La seconda osservazione deriva dal ruolo pervasivo che le direttive comunitarie hanno ormai raggiunto in termini di fissazione di parametri tecnici o procedurali, in pressoché ogni settore produttivo. Si pensi all’esempio eclatante dell’omologazione dei motori automobilistici e delle tante ripercussioni che ne derivano, ma il fenomeno è assolutamente più esteso e raggiunge ambiti a prima vista impensabili. Non subire, ma dominare, o almeno conoscere adeguatamente, tali aspetti è quindi indispensabile, con riferimento al proprio ambito di attività. Soprattutto è importante superare una visione di tali aspetti soltanto come vincoli esogeni: si pensi come una consapevolezza attiva di fenomeni in costante evoluzione può divenire un formidabile elemento di tempestività e di forza, sia sui mercati che – e forse soprattutto – a livello organizzativo interno.

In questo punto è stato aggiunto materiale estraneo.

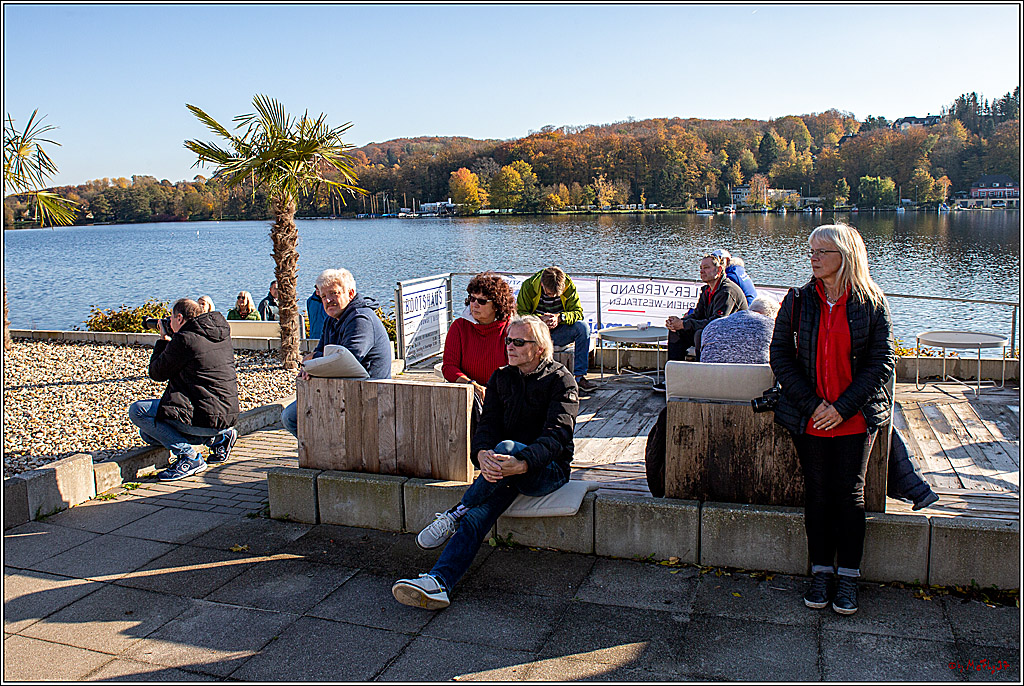 Miester der Landesmeister NRW 2019, 10.11.2019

Il terzo aspetto riguarda le potenzialità che i fondi strutturali comunitari, fra cui in particolare il Fondo Europeo di Sviluppo Regionale (FESR) ed il Fondo Sociale Europeo (FSE), aprono alle imprese di pressoché ogni dimensione ed ambito produttivo. Come noto, la programmazione comunitaria delle politiche di coesione si realizza in periodi settennali, con forme di monitoraggio, sorveglianza, premialità o sanzionamento. A livello statale e regionale, la piena operatività del periodo di programmazione 2014-2020 si sovrappone già alla impostazione delle strategie per il settennio successivo: fra queste il ruolo assegnato al comportamento delle imprese è di assoluto rilievo. In particolare, esse sono viste come un attore cruciale per procedere verso un’Europa più intelligente ed innovativa, più verde e priva di emissioni di carbonio, più connessa e digitale. Coerentemente, sono previste forme di contribuzione per investimenti in molti ambiti, coerenti con questi assunti generali. E qui sta il punto: al di là della opportunità di contributi pubblici in conto capitale o in conto interessi per gli investimenti aziendali, appare rilevante il messaggio, direi pedagogico, che l’Unione Europea cerca di trasmettere. Si tratta di una prospettiva più ampia, di posizionamento relativo del Vecchio continente in un mondo in rapida trasformazione, in cui occorre individuare e potenziare gli elementi davvero rilevanti, soprattutto in prospettiva. Le imprese europee, italiane, marchigiane sono quindi chiamate ad interrogarsi sul proprio posizionamento relativo, ad individuare gli ambiti gestionali prioritari (per definizione in continua evoluzione) ed a organizzare un percorso di sviluppo che persegua concretamente quegli obiettivi con azioni concrete. Ecco, in questo l’Europa tenta di suggerire una chiave di lettura attuale e di fornire elementi di supporto.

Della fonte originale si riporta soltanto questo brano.